A Krukenberg tumour, which is a metastatic tumour to the ovary, indicates extensive malignant spread within the abdominal cavity; the prognosis is so poor that most patients will die within one year of diagnosis . In one case series, all twenty-five died (ie 0% disease free survival), with median time from diagnosis to death being 19 months . Only 3.6% of colon and rectum tumours in females have ovarian involvement . Of those with a gastrointestinal origin, 33.3% originate from the sigmoid . Only 40.2% of Krukenberg tumours are synchronously diagnosed  in the majority, only one is diagnosed before the other.

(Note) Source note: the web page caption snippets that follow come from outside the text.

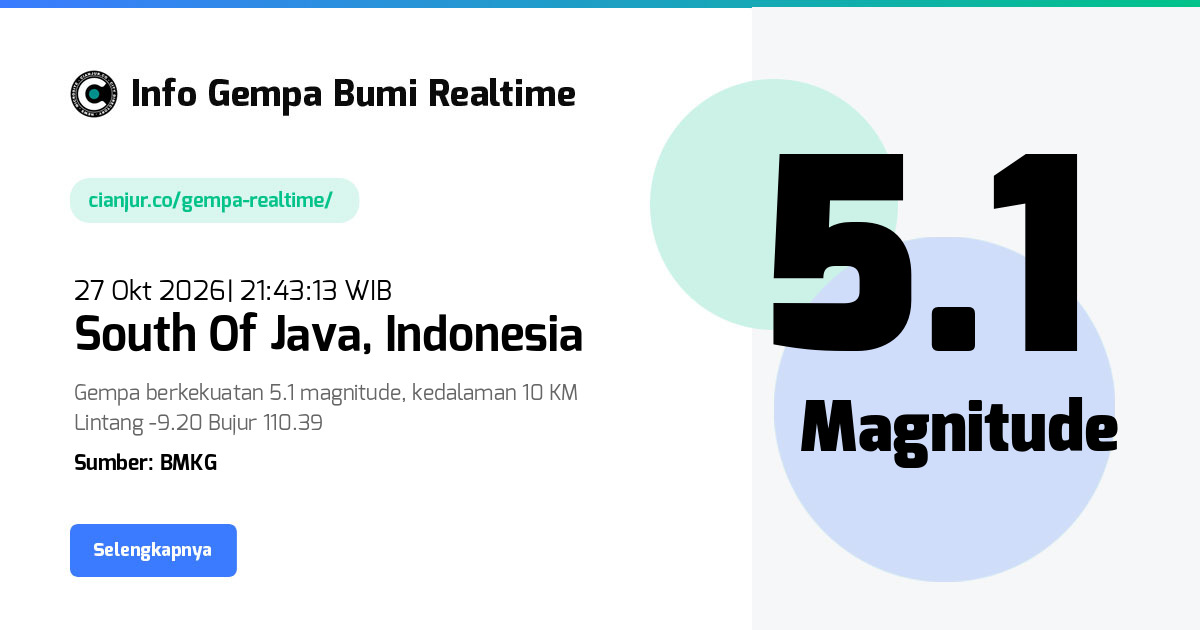 Gempa South Of Java - 27 Okt 2026 21:43:13 WIB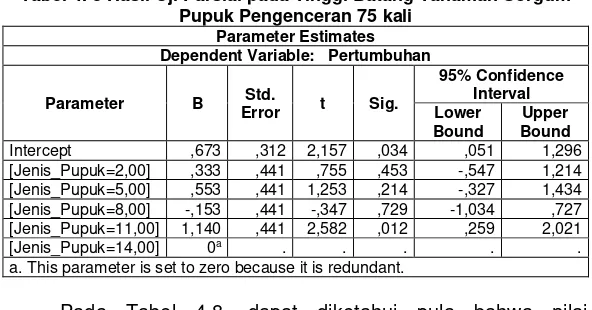 Tabel 4. 8 Hasil Uji Parsial pada Tinggi Batang Tanaman Sorgum 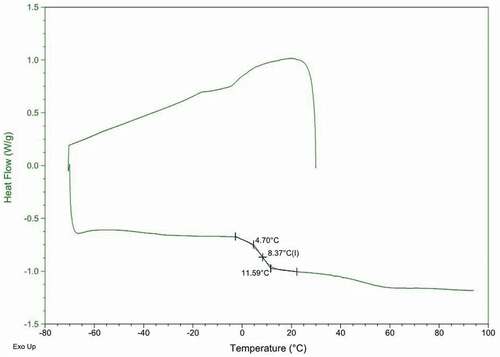 Figure 1. Typical DSC thermogram of Goji powder (FD(DW), moisture content = 169g/kg solid).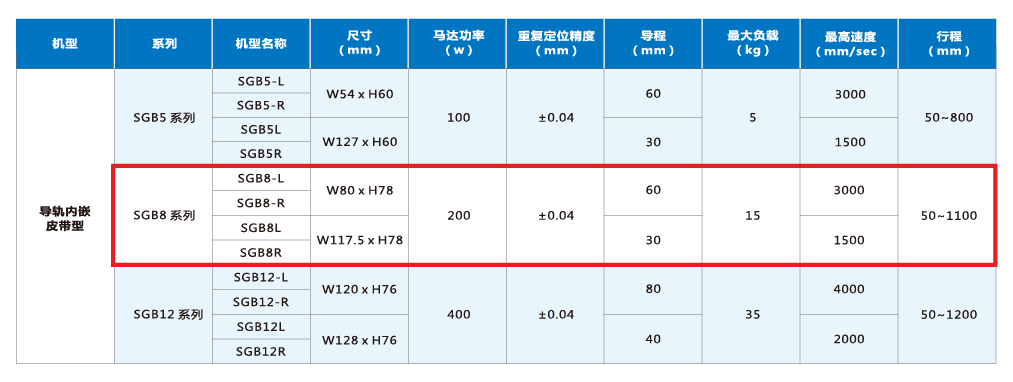 利来w66(中国区)最老的品牌官网入口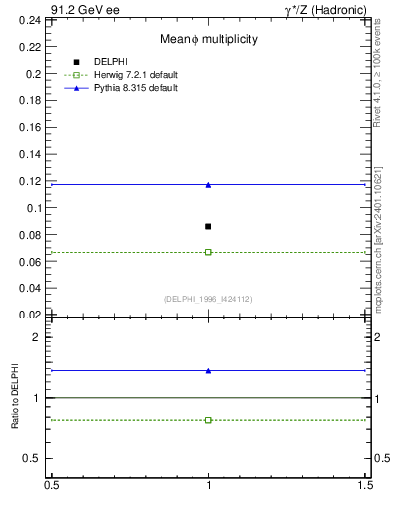 Plot of nphi in 91.2 GeV ee collisions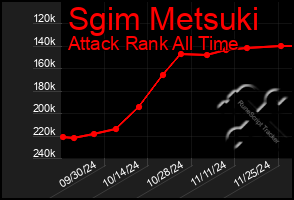 Total Graph of Sgim Metsuki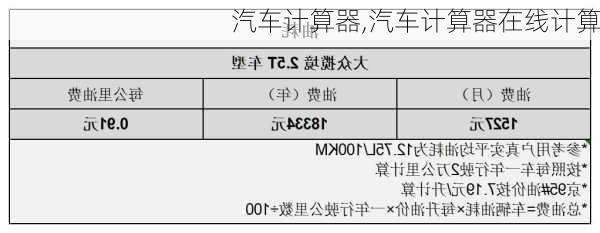 汽车计算器,汽车计算器在线计算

However, in a similar scenario tubo-ovarian abscess needs to be considered as an important differential diagnosis.
In one case series, 28 of 32 patients who had a tubo-ovarian abscess demonstrated sigmoid colon constriction demonstrated on barium enema . This case illustrates multiple decision points that the emergency team may need to face, the uncertainty that can exist with CT imaging, and the unexpected results that may eventuate in clinical practice.
Written consent from the patient and consent from the Monash Emergency Research Collaborative were obtained. This study was reviewed by the Monash Health Research Office (ERM Reference Number 62811) and was approved as a Quality Assurance and Evaluation Activity (Monash Health RES-20-0000-193Q).